State Key Laboratory of Medical Proteomics, Beijing Proteome Research Center, National Center for Protein Sciences (Beijing), Beijing Institute of Lifeomics, 38 Life Science Park, Changping District, Beijing 102206, China.
Brief Bioinform. 2024 May 23;25(4). doi: 10.1093/bib/bbae274.

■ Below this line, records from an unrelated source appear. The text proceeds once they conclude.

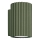Iluminação de parede KARBON 1xGU10/10W/230V verde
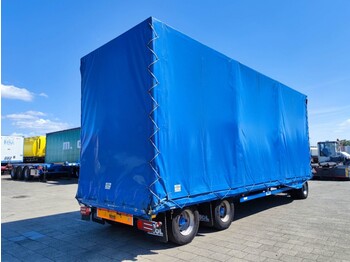 Low loader semi-trailer MOL A79/1018/28/31.5P 3-Assen BPW - Schuifkap - Gechooperd - TOP! (O954): picture 1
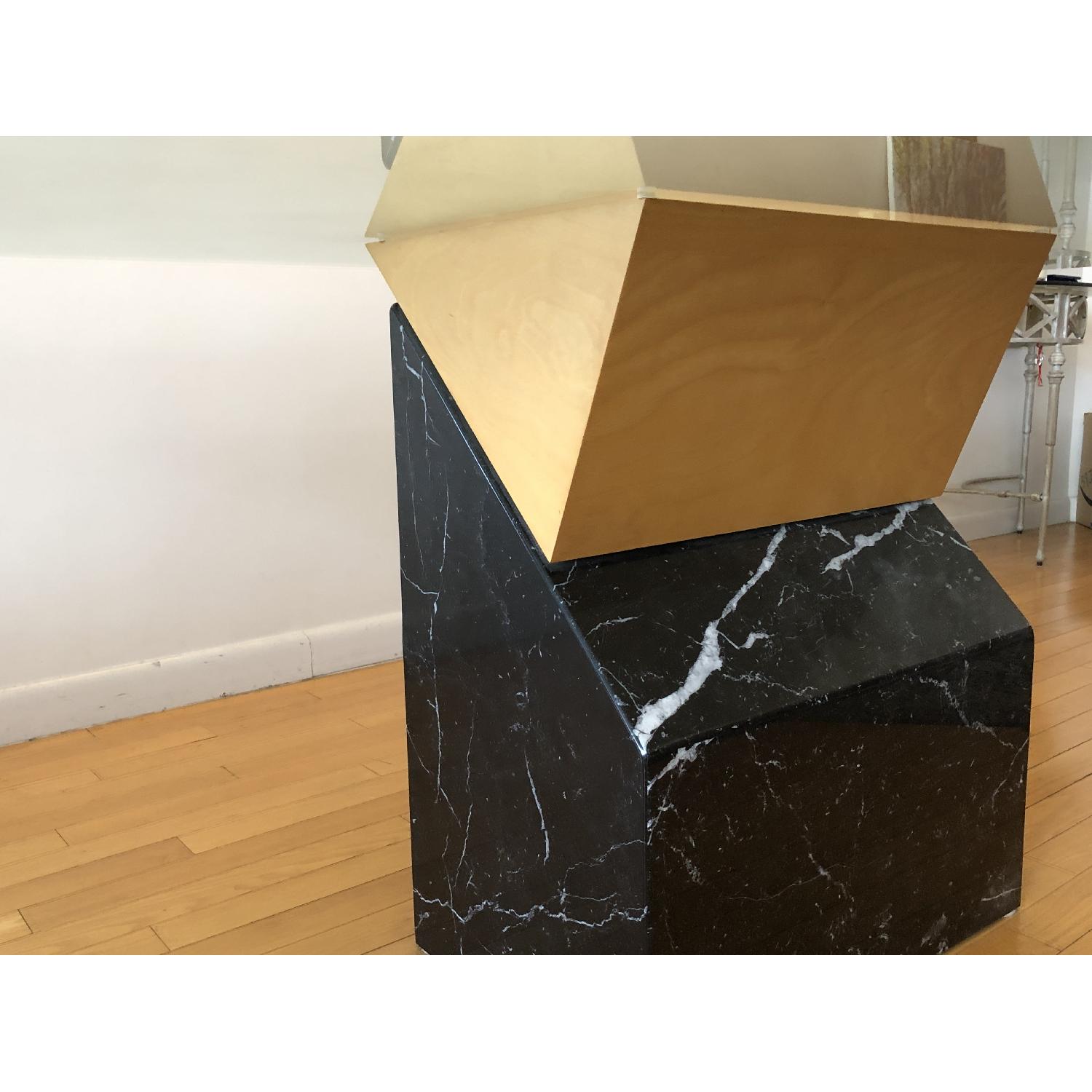 Glass Top Granite Base Dining Table - image-4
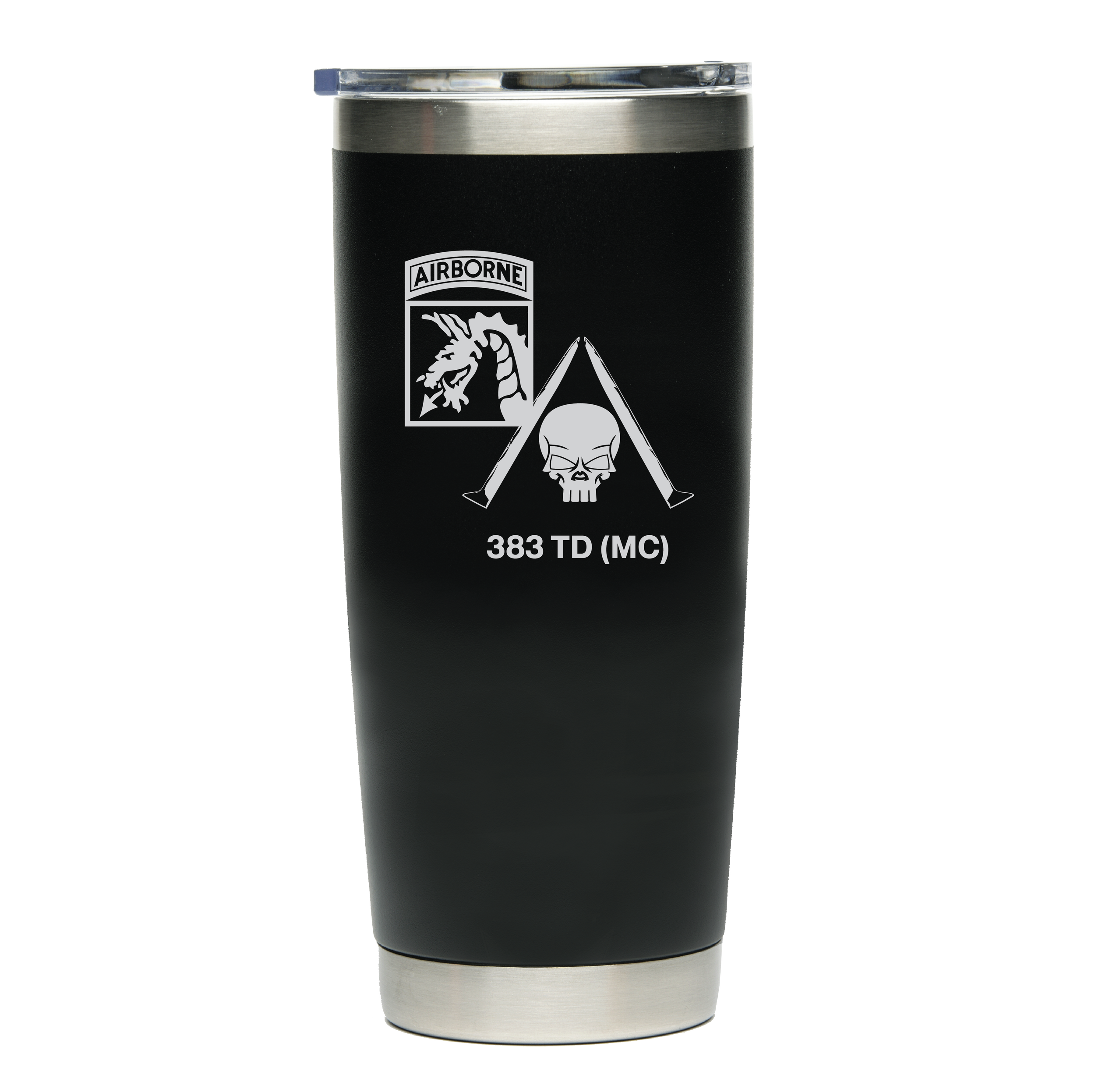 (ASSASIANS CO., 383 TD) - 01-068 LEVEL Tactical™ BOMBER - 22oz Tumbler with Magneslide Lid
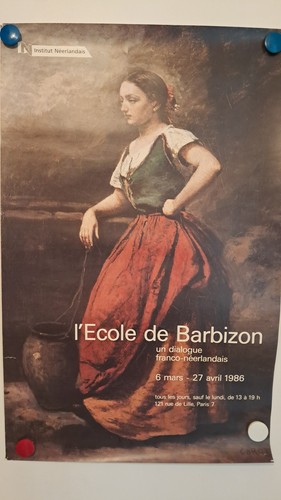 Affiche originale corot expo - affiche,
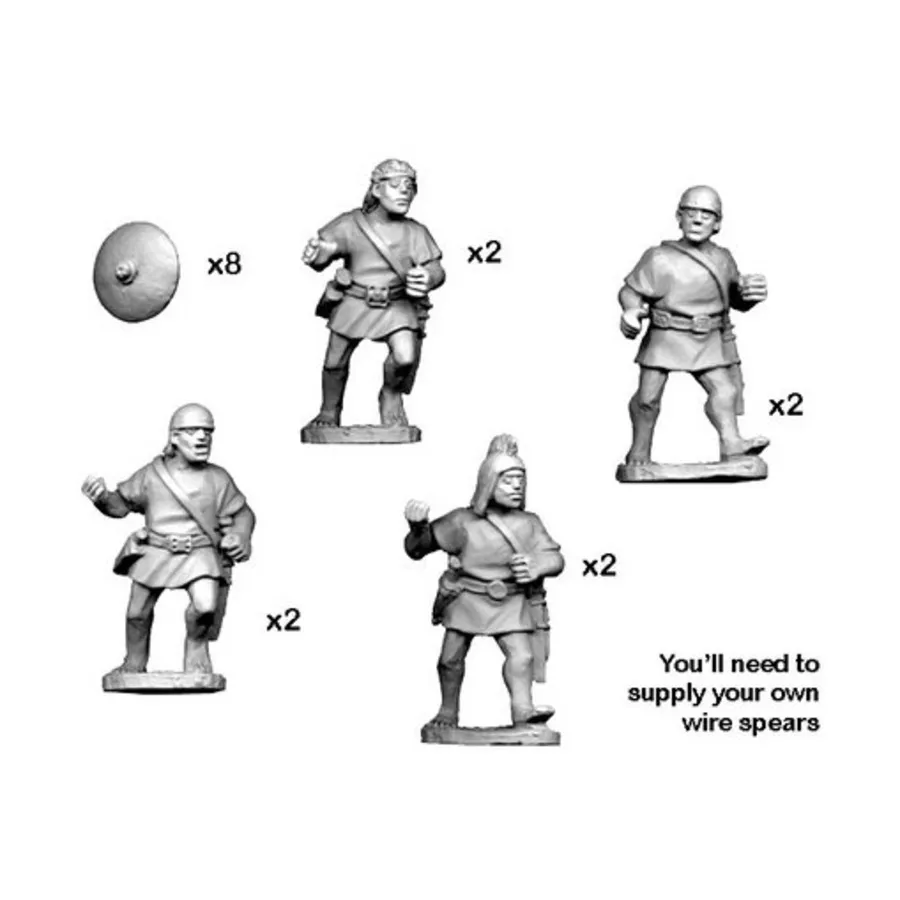 Испанский каэтрати с копьем, Historical Miniatures - Ancient - Spanish (28mm) (Crusader Miniatures)
Испанский каэтрати с копьем, Historical Miniatures - Ancient - Spanish (28mm) (Crusader Miniatures)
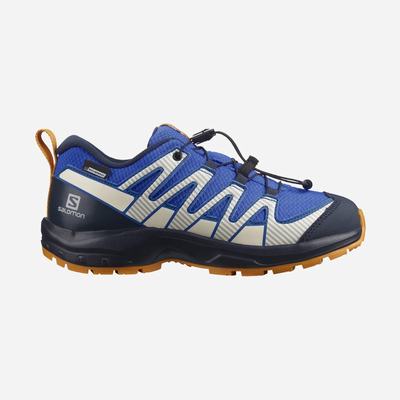 Salomon XA PRO V8 CLIMASALOMON™ WATERPROOF Wanderschuhe Kinder Blau/Navy | HQS-298564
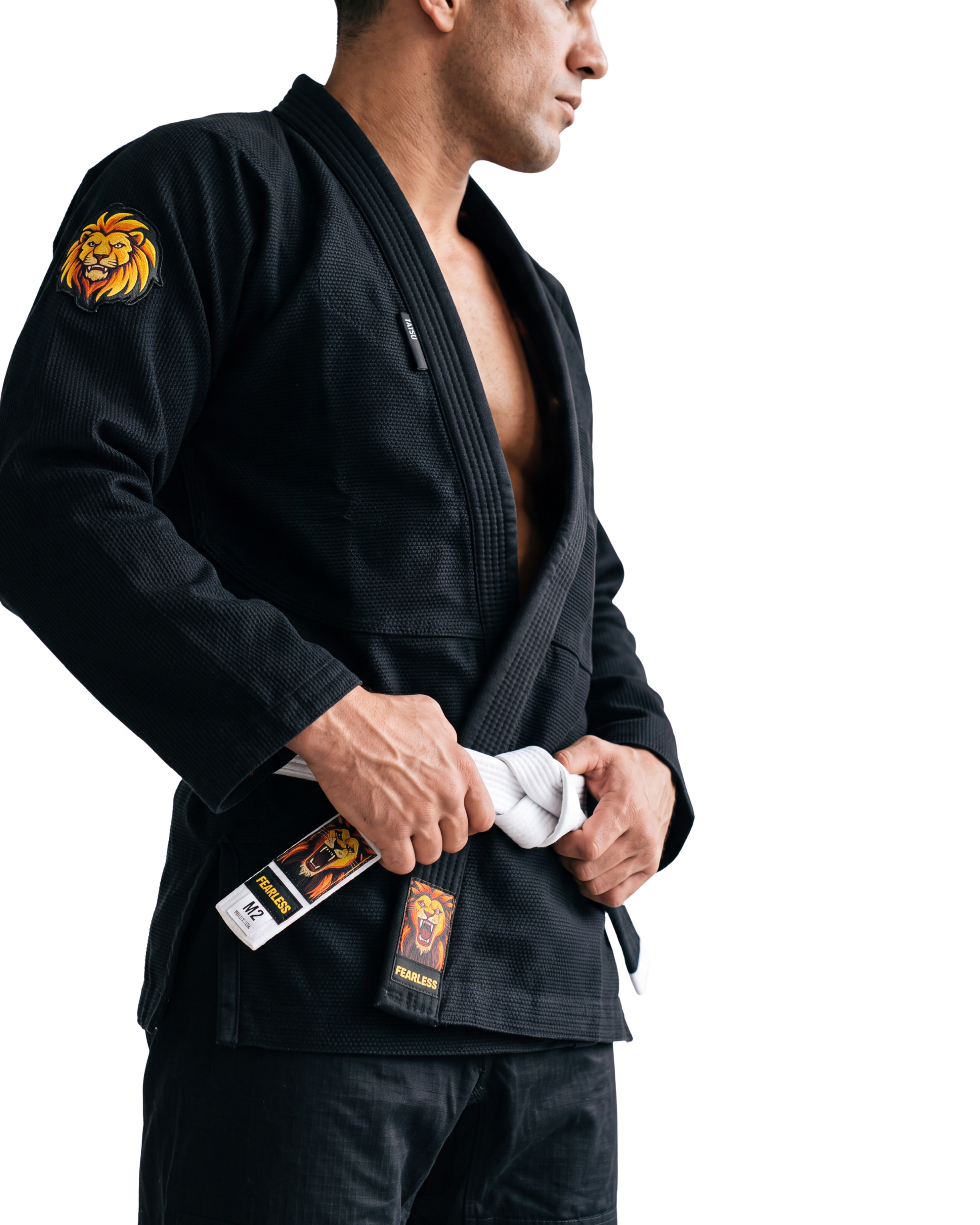 TATSU FEARLESS BJJ Gi – Black | Premium Pearl Weave - Adults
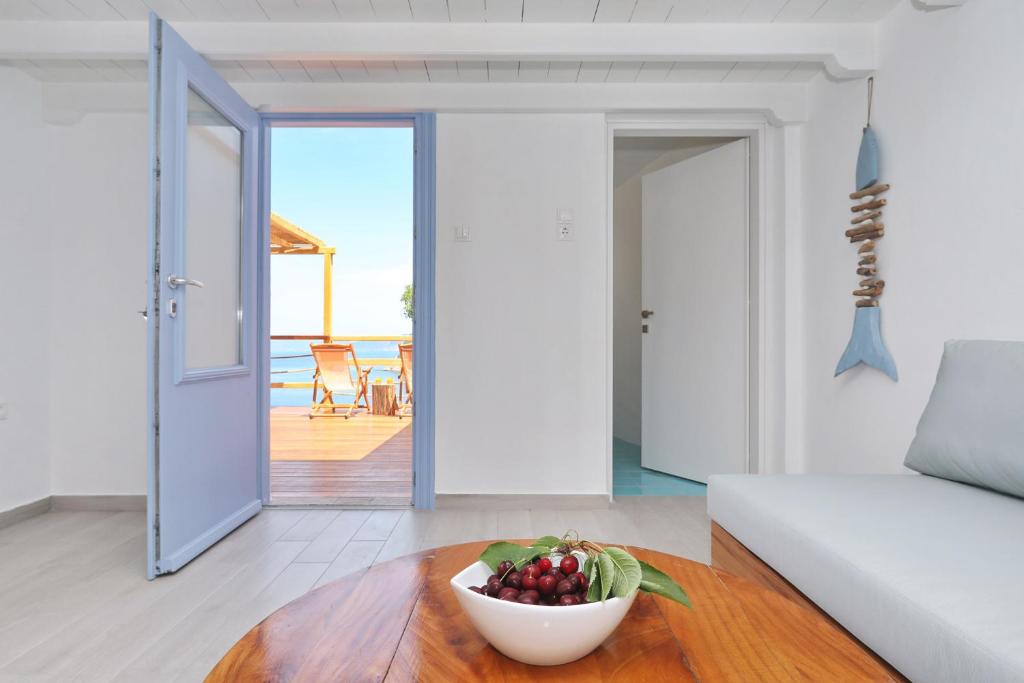 Posezení v ubytování Skopelos Aerino house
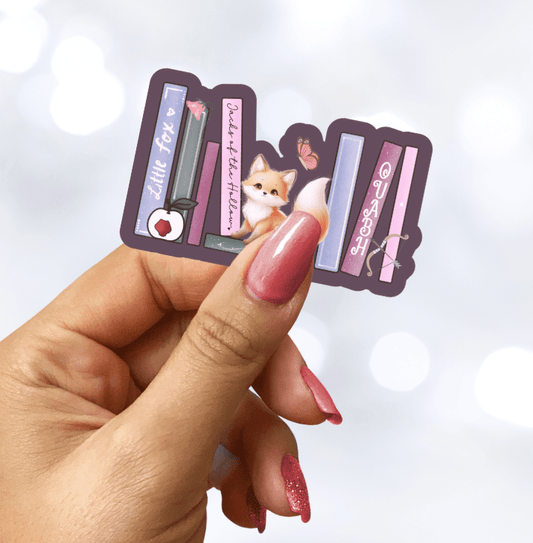 Once Upon a Broken Heart Inspired Books Sparkle Sticker - Awfullynerdy.co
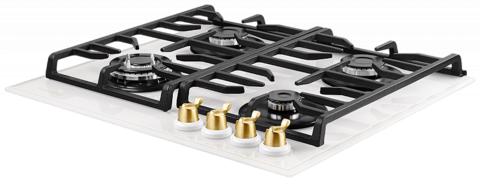 Газовая варочная панель белая Kuppersberg FQ 602 W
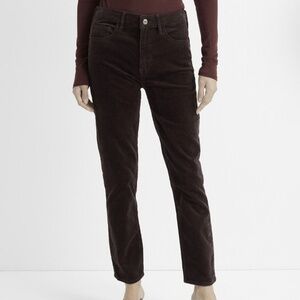 Club Monaco Women’s Pants Corduroy Chocolate Brown 100% cotton Straight leg 30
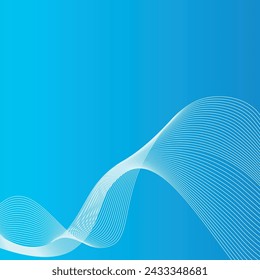Abstract wavy line background dynamic sound wave wavy pattern stylish line art and web background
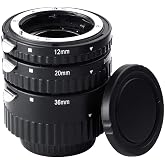 Mcoplus Extnp Auto Focus Macro Extension Tube Set (12mm 20mm 36mm) for Nikon AF AF-S DX FX SLR Cameras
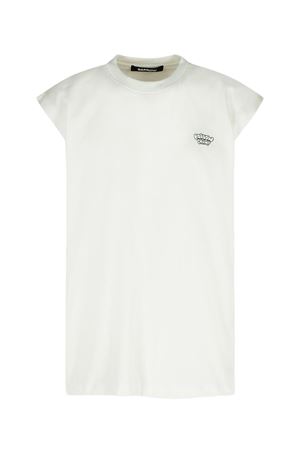 White cotton tank top, BARROW | S5BWUATH160002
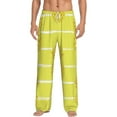 thumbnail image 1 of Salouo Gold Pineapple Print Pajama Pants for Men, Lounge Pants Elastic Waistband Casual Men's sleepwear Loungewear Sleep Pajama Pant -Small, 1 of 7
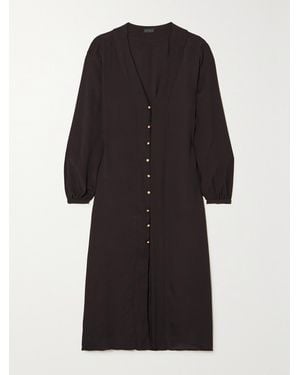 Haight Duda Crepe Midi Dress - Black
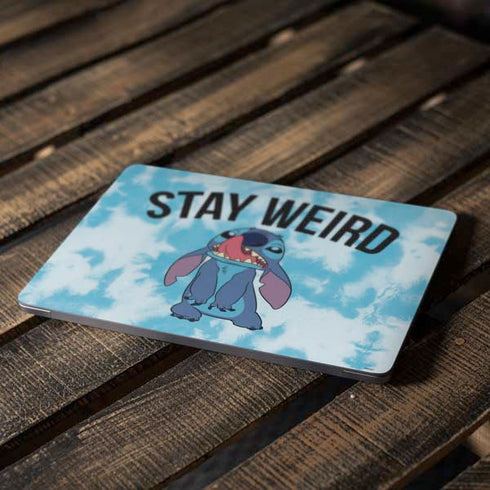 Disney Lilo and Stitch Stay Weird Apple MacBook Air Skin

Protein-protein interactions (PPIs) are the basis of many important biological processes, with protein complexes being the key forms implementing these interactions. Understanding protein complexes and their functions is critical for elucidating mechanisms of life processes, disease diagnosis and treatment and drug development. However, experimental methods for identifying protein complexes have many limitations. Therefore, it is necessary to use computational methods to predict protein complexes. Protein sequences can indicate the structure and biological functions of proteins, while also determining their binding abilities with other proteins, influencing the formation of protein complexes. Integrating these characteristics to predict protein complexes is very promising, but currently there is no effective framework that can utilize both protein sequence and PPI network topology for complex prediction. To address this challenge, we have developed HyperGraphComplex, a method based on hypergraph variational autoencoder that can capture expressive features from protein sequences without feature engineering, while also considering topological properties in PPI networks, to predict protein complexes. Experiment results demonstrated that HyperGraphComplex achieves satisfactory predictive performance when compared with state-of-art methods. Further bioinformatics analysis shows that the predicted protein complexes have similar attributes to known ones. Moreover, case studies corroborated the remarkable predictive capability of our model in identifying protein complexes, including 3 that were not only experimentally validated by recent studies but also exhibited high-confidence structural predictions from AlphaFold-Multimer. We believe that the HyperGraphComplex algorithm and our provided proteome-wide high-confidence protein complex prediction dataset will help elucidate how proteins regulate cellular processes in the form of complexes, and facilitate disease diagnosis and treatment and drug development. Source codes are available at https://github.com/LiDlab/HyperGraphComplex.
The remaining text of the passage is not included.